• _Assigned task_
Lines from the one containing "Floorplan of Homely" through the final line of the records below are needed, copied exactly, with no pictures.

• _Data records_
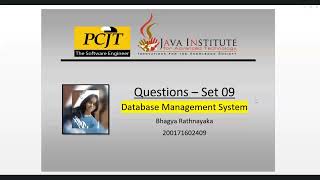 Question Set 09 | Database Management System | Java Institute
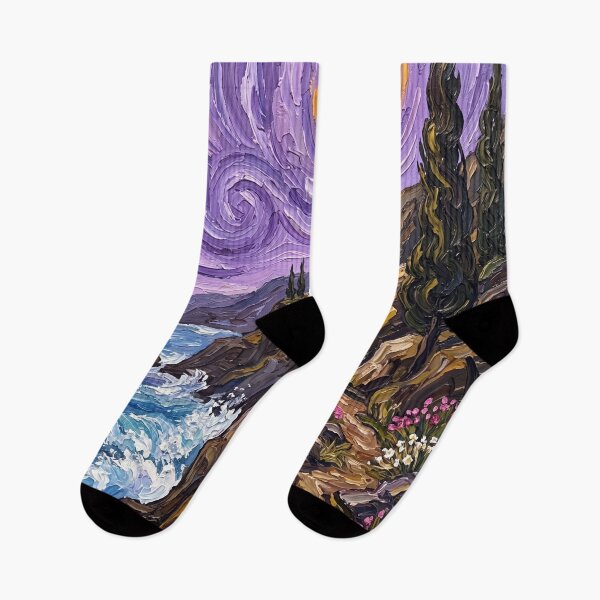 Item preview, Swirling Night Over Coastal Cliffs designed and sold by lenamedema.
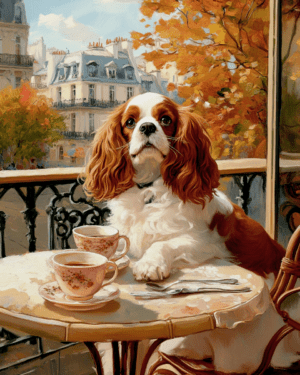 Cavalier King Charles Spaniel at a Paris Cafe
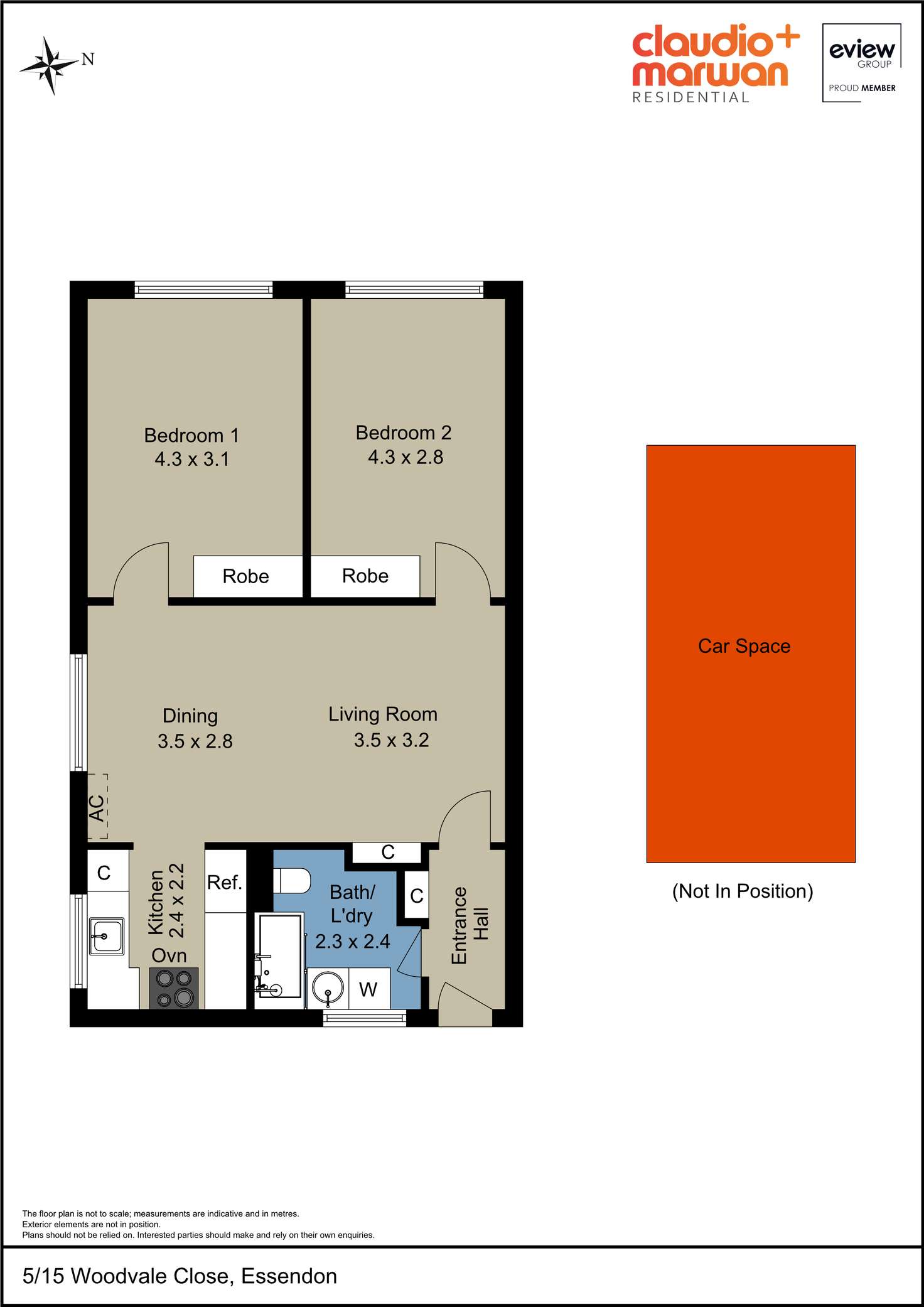 Floorplan of Homely unit listing, 5/15 Woodvale Close, Essendon VIC 3040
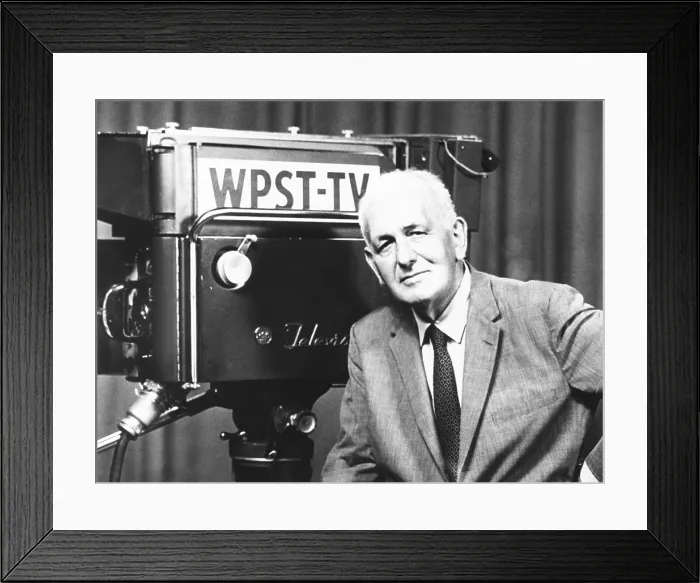 Framed Print : Gabriel Heatter, in front of a WPST-TV camera in 1960. He was one of the first radio reporters and commentators in the 1930s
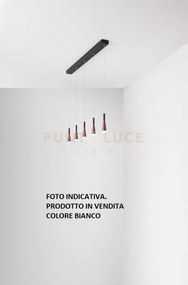 Sospensione 5 luci cone in alluminio rettangolare colore bianco opa...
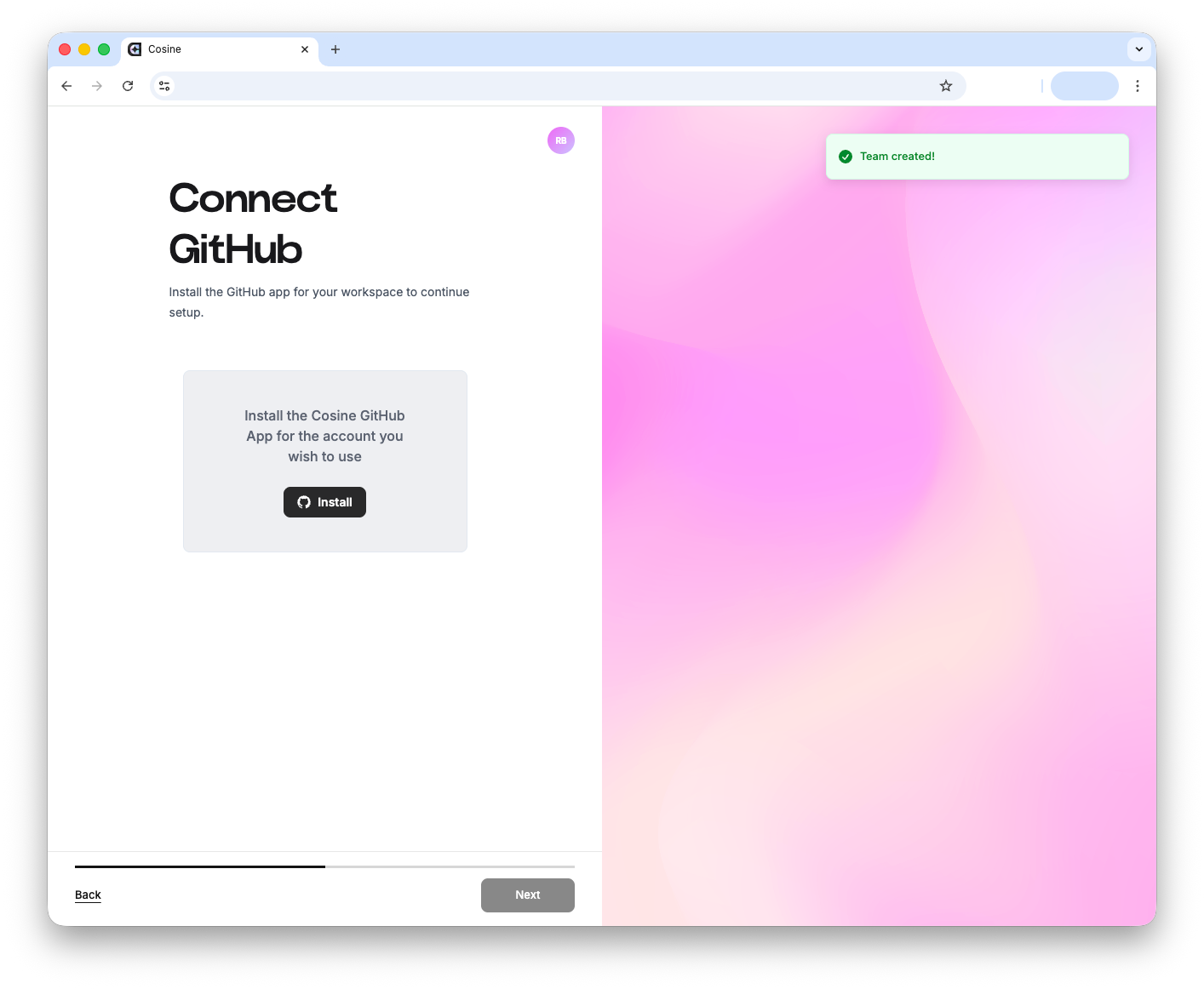 Cosine Cloud GitHub connection and repository import flow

• _Answer space_
 Floorplan of Homely unit listing, 5/15 Woodvale Close, Essendon VIC 3040
 Framed Print : Gabriel Heatter, in front of a WPST-TV camera in 1960. He was one of the first radio reporters and commentators in the 1930s
 Sospensione 5 luci cone in alluminio rettangolare colore bianco opa...
 Cosine Cloud GitHub connection and repository import flow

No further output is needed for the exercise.